I have Rubber Lip Pleco's in a couple of my African tanks. At work in a 20L with Occies and a Calvus, at home in a 33L with juvie Labs and Rusties.

I've never heard discussion on their compatibility with Africans, so thought I'd ask. I do like their looks plus they really seem to keep things clean with that uber large mouth they have.


----------



## ILCichlid (Feb 27, 2012)

The labs will harass them to death when the labs start to grow bigger.


----------



## Floridagirl (Jan 10, 2008)

I've had good luck with Bristlenose Plecos, and most fishkeepers don't even use a pleco with mbuna, as they like to graze on algae.


----------



## DJRansome (Oct 29, 2005)

Even BN don't all make it through the introduction to the tank (my success rate is about 60%) but once they have survived the intro they are good for a lifetime.

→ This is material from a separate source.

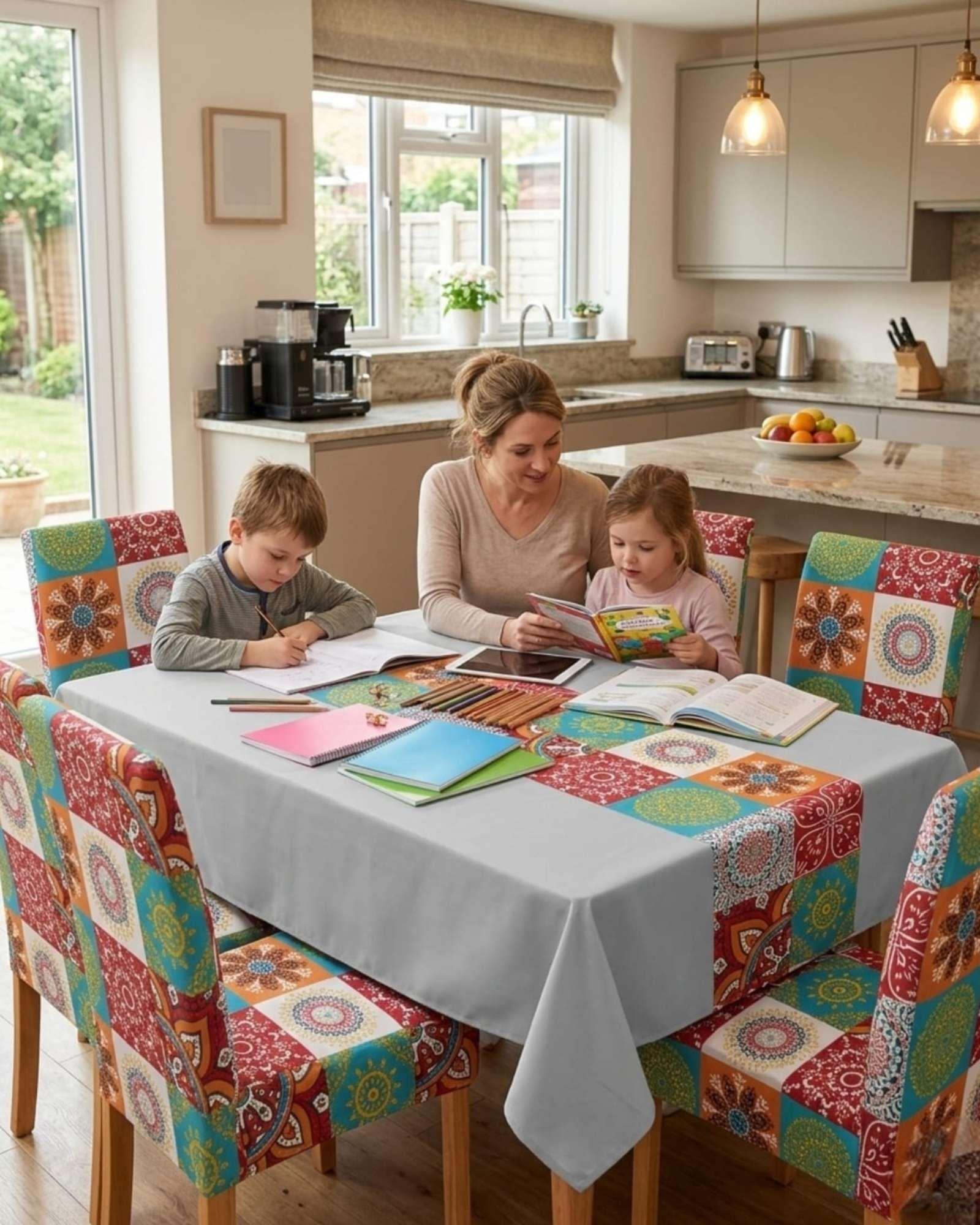 Juego De Mantel Antimanchas 140x220 + 6 Fundas De Silla 08-2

I'd avoid anything more exotic.


----------



## Storiwyr (Apr 24, 2012)

I would guess if they're already sharing a tank with Cichlids, though, they may be okay. Just pull them if they start getting beat up later.


----------



## zach103 (Aug 13, 2012)

I have a Bristlenose along with 3 cichlids a dempsey and a lobster.. if mine can survive yours definitely should


----------